[Captioned web images]

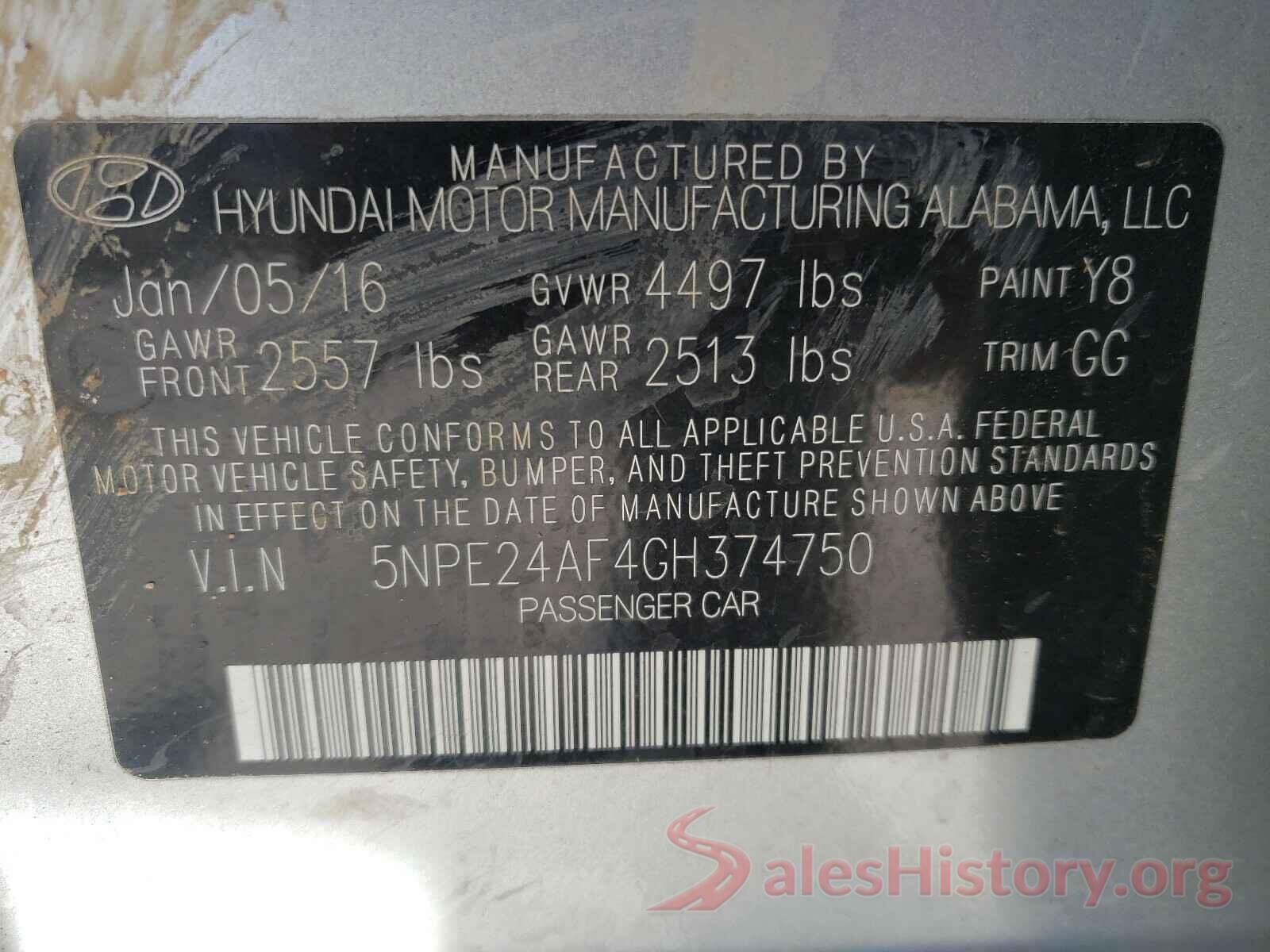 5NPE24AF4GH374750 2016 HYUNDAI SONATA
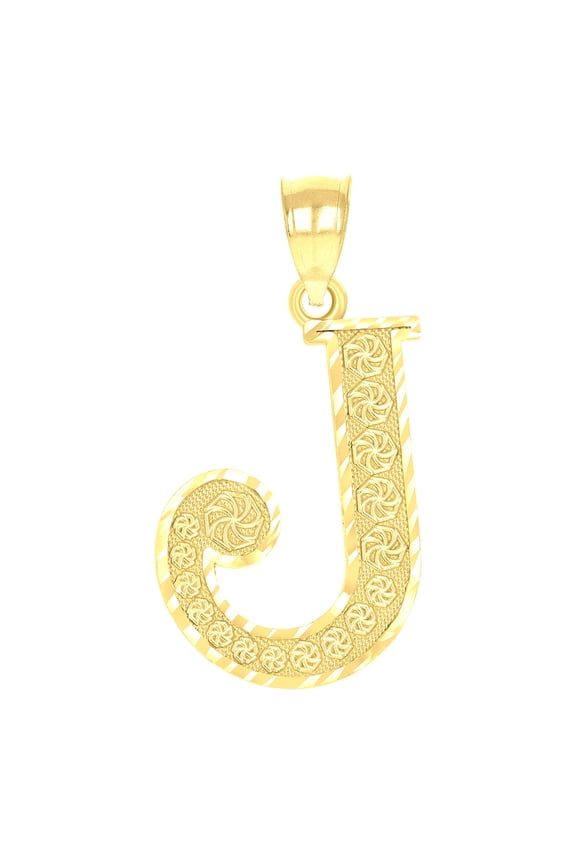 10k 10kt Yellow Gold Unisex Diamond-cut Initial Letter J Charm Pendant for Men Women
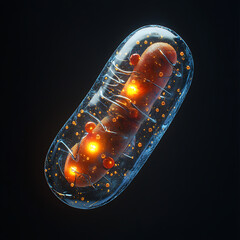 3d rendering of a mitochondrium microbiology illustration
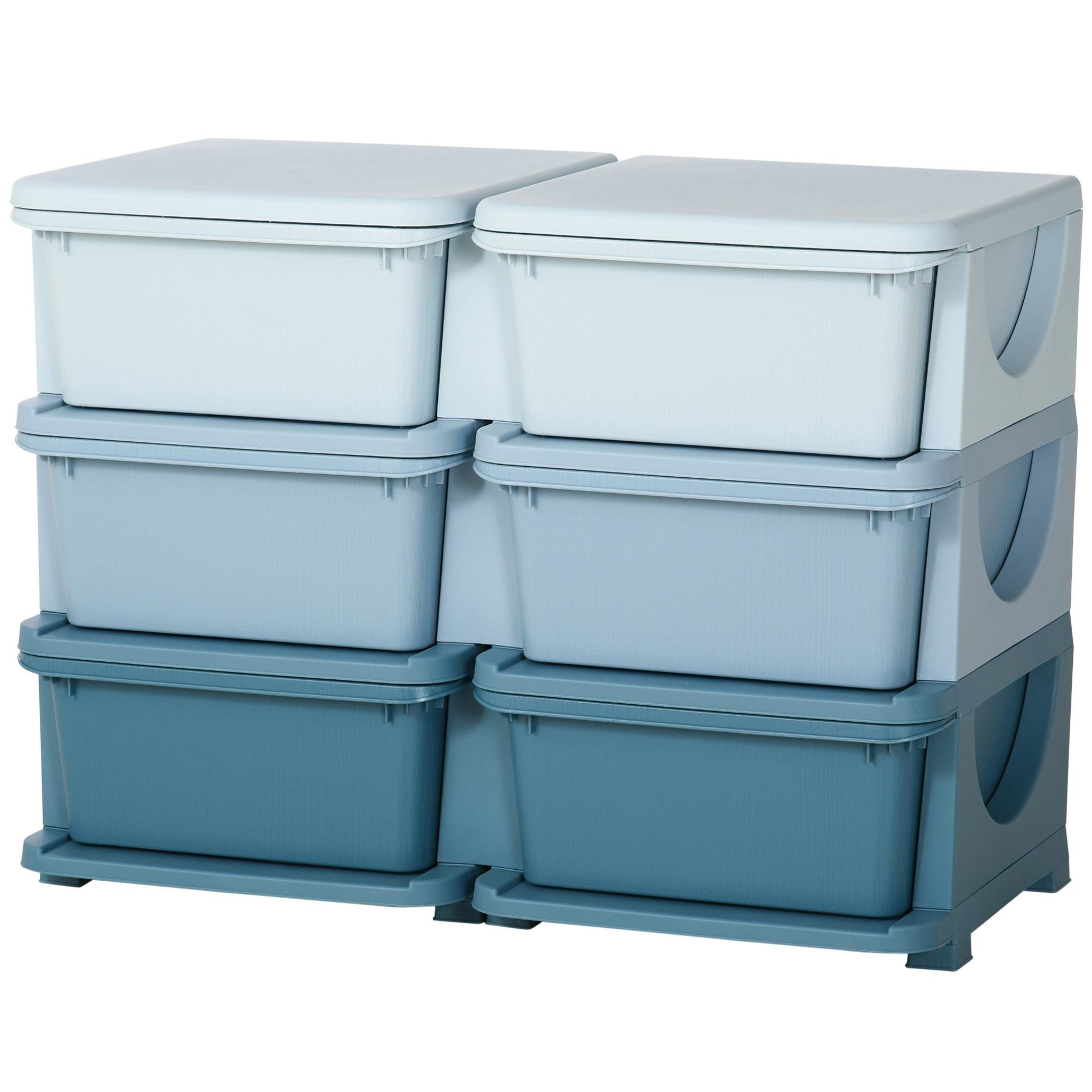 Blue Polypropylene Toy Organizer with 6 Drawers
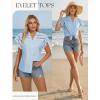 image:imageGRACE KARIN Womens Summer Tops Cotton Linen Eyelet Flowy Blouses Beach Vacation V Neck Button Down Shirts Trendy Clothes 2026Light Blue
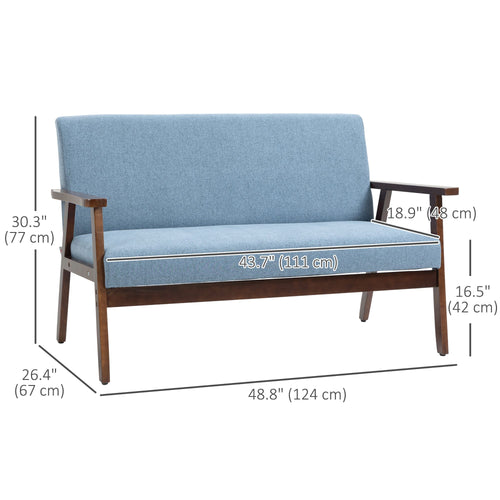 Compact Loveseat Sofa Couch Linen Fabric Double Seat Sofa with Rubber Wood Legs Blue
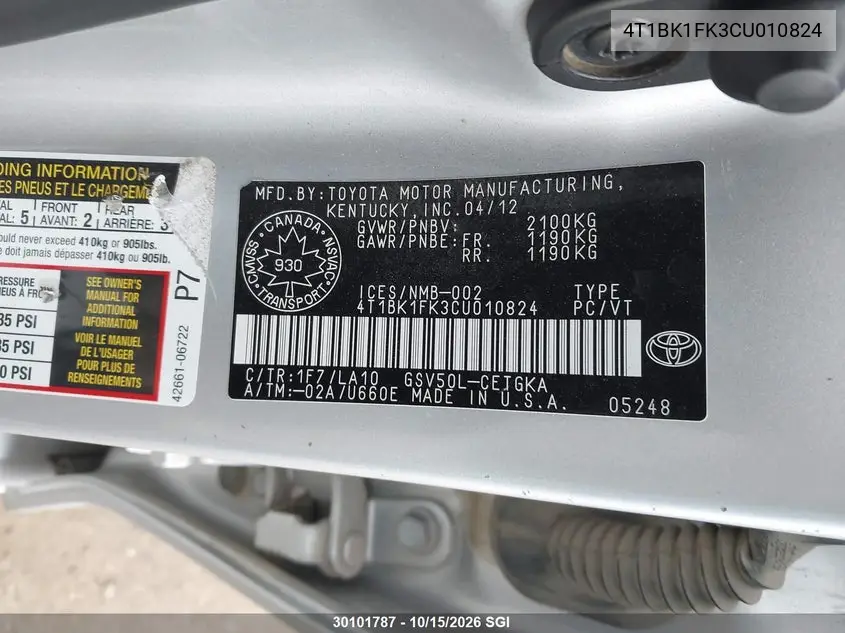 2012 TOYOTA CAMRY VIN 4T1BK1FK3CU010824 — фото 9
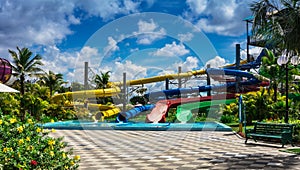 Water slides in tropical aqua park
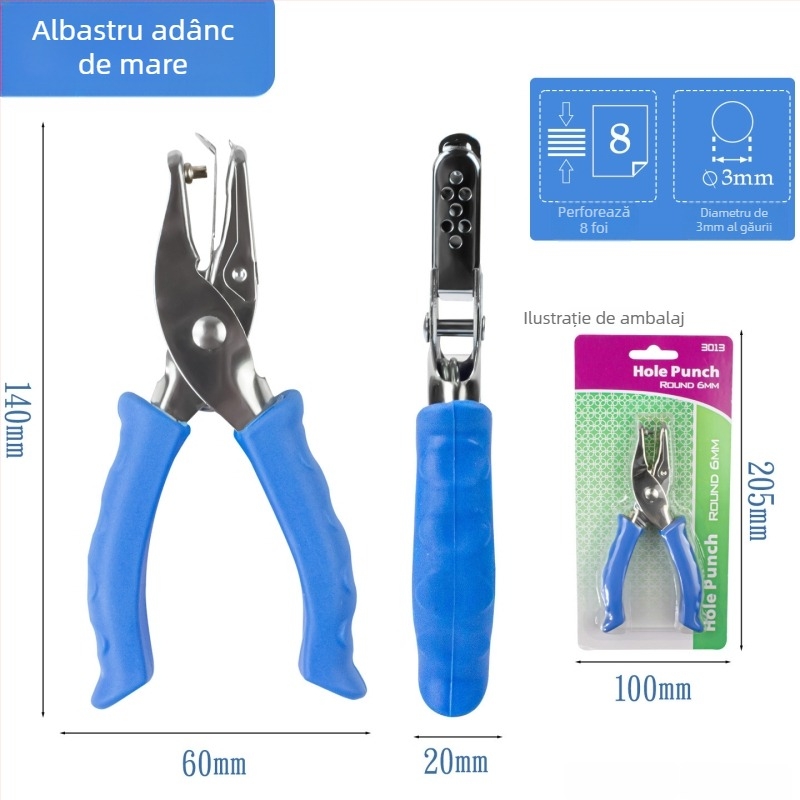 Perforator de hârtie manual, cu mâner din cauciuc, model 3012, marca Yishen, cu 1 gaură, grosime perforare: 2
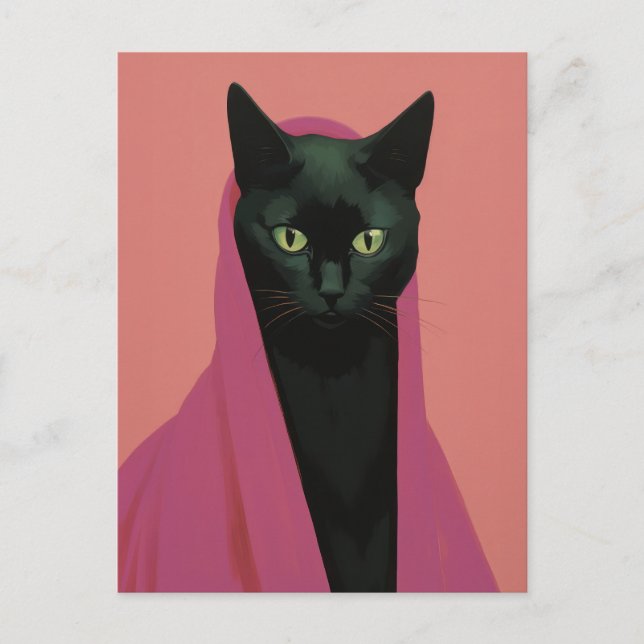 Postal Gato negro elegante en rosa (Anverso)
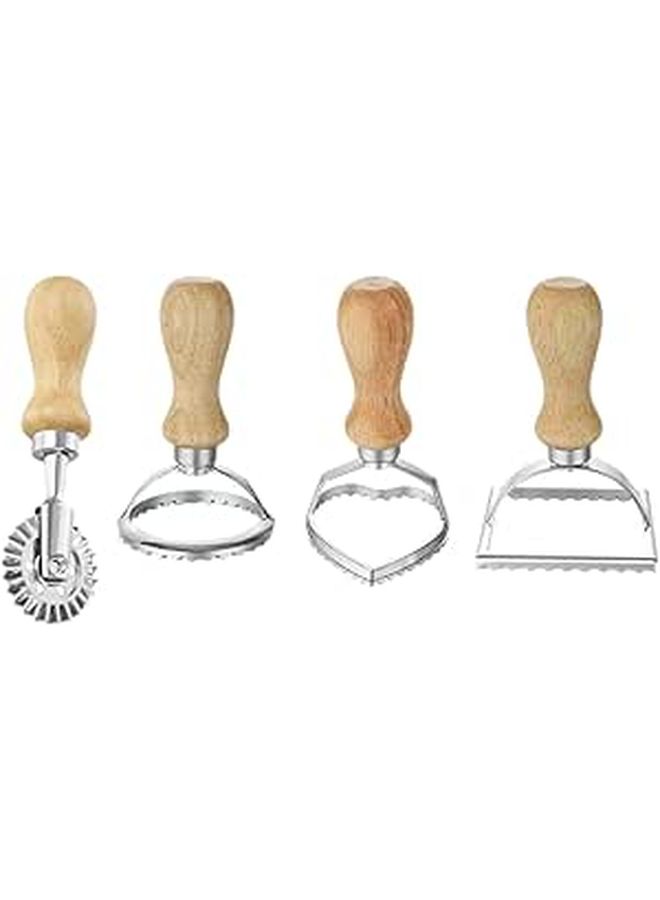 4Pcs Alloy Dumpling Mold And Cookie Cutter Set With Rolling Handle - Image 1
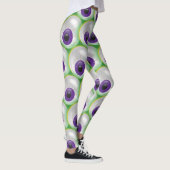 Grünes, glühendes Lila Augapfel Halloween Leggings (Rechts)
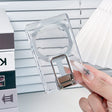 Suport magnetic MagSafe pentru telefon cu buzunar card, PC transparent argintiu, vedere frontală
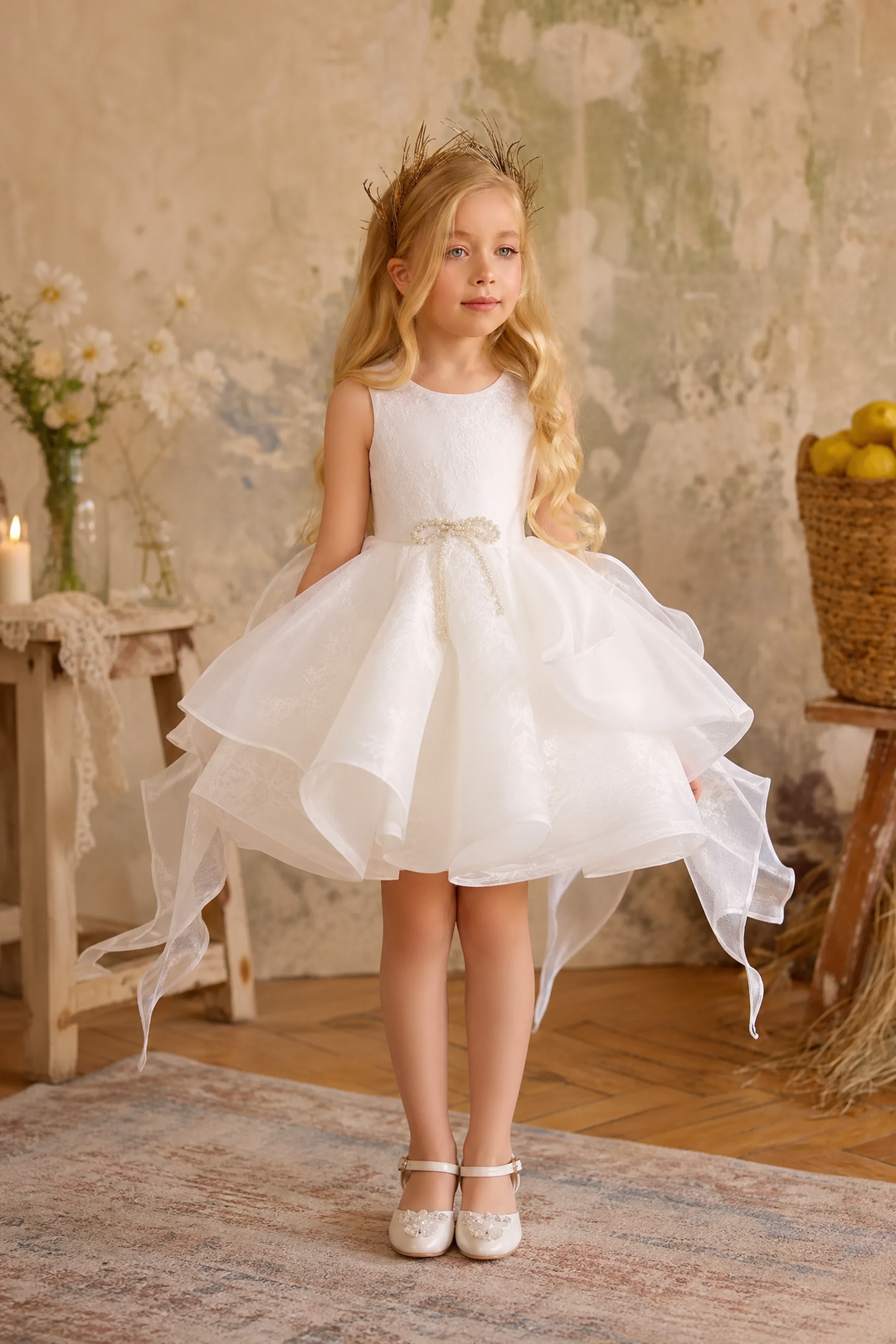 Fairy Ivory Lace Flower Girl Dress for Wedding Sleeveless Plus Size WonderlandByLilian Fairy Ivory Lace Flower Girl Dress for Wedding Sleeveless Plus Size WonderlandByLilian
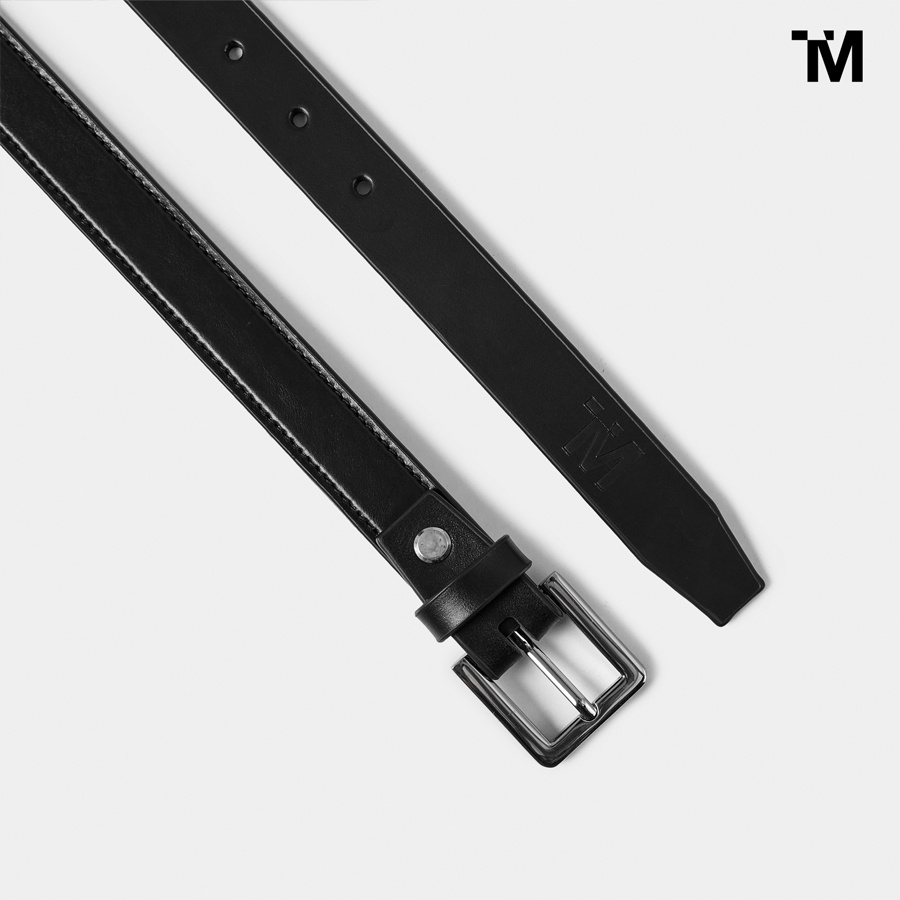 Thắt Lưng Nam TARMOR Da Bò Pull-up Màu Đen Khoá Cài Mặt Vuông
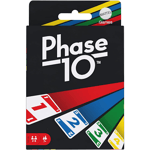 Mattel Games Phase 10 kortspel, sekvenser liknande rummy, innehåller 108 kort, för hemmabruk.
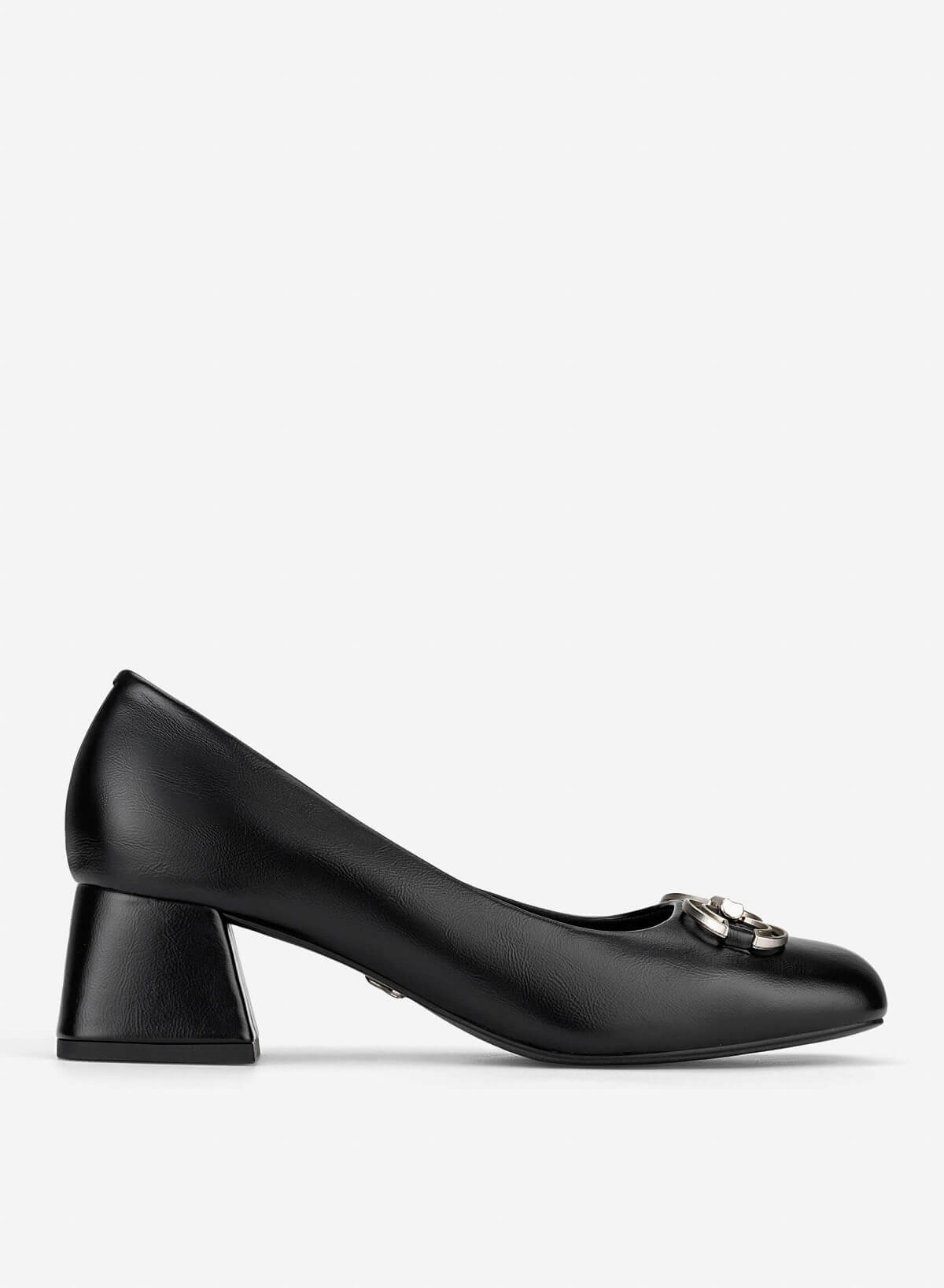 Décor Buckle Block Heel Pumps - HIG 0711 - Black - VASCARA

# EXERCISE DESCRIPTION
Lines from the one that contains "Postal Gato negro elegante en rosa (Anverso)" through the last line of the data above are to be extracted exactly, with no pictures and no other lines.

# SOLUTION
 Postal Gato negro elegante en rosa (Anverso)
 4Pcs Alloy Dumpling Mold And Cookie Cutter Set With Rolling Handle - Image 1
 Grünes, glühendes Lila Augapfel Halloween Leggings (Rechts)
 Suport magnetic MagSafe pentru telefon cu buzunar card, PC transparent argintiu, vedere frontală
 Fairy Ivory Lace Flower Girl Dress for Wedding Sleeveless Plus Size WonderlandByLilian Fairy Ivory Lace Flower Girl Dress for Wedding Sleeveless Plus Size WonderlandByLilian
 Thắt Lưng Nam TARMOR Da Bò Pull-up Màu Đen Khoá Cài Mặt Vuông
 Mattel Games Phase 10 kortspel, sekvenser liknande rummy, innehåller 108 kort, för hemmabruk.
 Décor Buckle Block Heel Pumps - HIG 0711 - Black - VASCARA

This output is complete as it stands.